▸ **Scraped caption text data**:

______________________________

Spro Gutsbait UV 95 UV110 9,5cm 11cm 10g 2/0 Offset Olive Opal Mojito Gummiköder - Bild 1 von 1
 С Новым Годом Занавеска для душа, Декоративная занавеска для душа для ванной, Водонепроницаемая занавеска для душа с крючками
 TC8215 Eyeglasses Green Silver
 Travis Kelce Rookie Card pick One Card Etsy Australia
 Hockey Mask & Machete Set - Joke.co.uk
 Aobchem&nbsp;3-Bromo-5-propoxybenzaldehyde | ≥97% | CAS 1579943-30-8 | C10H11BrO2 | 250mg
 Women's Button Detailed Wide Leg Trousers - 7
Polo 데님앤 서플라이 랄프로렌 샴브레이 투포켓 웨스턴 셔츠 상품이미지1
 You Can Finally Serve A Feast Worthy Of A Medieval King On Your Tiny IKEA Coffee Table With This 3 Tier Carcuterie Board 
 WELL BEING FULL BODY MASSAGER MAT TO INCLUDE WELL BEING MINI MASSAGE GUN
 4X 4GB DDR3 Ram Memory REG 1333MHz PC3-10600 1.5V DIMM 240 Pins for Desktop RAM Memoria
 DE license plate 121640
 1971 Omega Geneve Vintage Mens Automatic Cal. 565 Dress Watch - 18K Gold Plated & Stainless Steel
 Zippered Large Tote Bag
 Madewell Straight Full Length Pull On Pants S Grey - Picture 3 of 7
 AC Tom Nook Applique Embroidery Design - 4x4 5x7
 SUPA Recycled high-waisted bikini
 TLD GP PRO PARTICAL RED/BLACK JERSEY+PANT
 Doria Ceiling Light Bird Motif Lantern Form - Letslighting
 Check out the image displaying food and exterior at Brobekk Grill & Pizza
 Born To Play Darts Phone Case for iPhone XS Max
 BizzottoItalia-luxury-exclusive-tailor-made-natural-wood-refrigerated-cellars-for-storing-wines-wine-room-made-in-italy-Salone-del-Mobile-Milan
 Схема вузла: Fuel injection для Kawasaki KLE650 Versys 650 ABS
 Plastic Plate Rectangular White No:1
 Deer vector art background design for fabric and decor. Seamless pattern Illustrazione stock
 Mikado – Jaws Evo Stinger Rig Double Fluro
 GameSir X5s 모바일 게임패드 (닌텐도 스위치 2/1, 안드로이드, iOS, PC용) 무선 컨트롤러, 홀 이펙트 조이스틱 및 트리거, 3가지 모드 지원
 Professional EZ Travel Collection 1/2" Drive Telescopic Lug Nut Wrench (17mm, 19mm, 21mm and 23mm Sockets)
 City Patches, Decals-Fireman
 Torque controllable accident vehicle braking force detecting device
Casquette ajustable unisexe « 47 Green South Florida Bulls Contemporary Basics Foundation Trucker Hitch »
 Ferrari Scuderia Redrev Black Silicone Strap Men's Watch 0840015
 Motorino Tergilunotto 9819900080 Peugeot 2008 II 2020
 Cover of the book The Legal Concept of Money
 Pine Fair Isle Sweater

______________________________

▸ **EXERCISE DIRECTIONS**: Line count for "Watch": count the lines of the records above that contain it and give only the number.

▸ **TASK SOLUTION**: 2